The 2016 Australian Bureau of Statistics Census estimates that 39% of Victorians counted as experiencing homelessness on Census night were under 25 years old. The fact that 9742 young people are without a home can come as a shock as the issue is largely invisible.
While there are many young people sleeping rough on the street, many more are staying:
- at a friend’s place for a few nights (sleeping on the couch)
- in emergency accommodation or rooming houses
- in caravan parks or improvised dwellings
Statistics show high rates of youth homelessness, however, the figures available are only the tip of the iceberg as many young people (and young families) are couch surfing or staying in temporary or unsuitable accommodation and so don't qualify as being homeless.
An increasing number of young people find themselves homeless due to family breakdown, lack of affordable housing, and family violence.
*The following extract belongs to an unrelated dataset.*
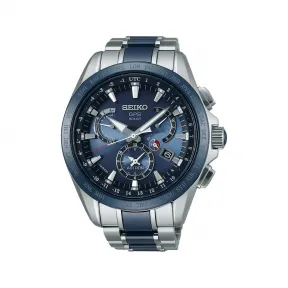 精工/Seiko astron系列 45.0MM 钛金属（超硬涂层），带陶瓷表圈 太阳能 男表 SSE043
This includes young people who are:
- pregnant or have children
- living with a physical or intellectual disability
- witnesses to or victims/survivors of neglect, bullying, abuse and violence
- at risk of or already living with mental health needs
- disengaged with education, training, employment, their family and/or community
It can be tough on young people who are homeless — they are more likely to remain unemployed, disengaged from school/uni, use drugs and alcohol, have poor health outcomes, be exploited by others, and remain homeless for extended periods. They also live constantly with feelings of grief, loss and guilt, and they feel disconnected and isolated from their family, friends and community.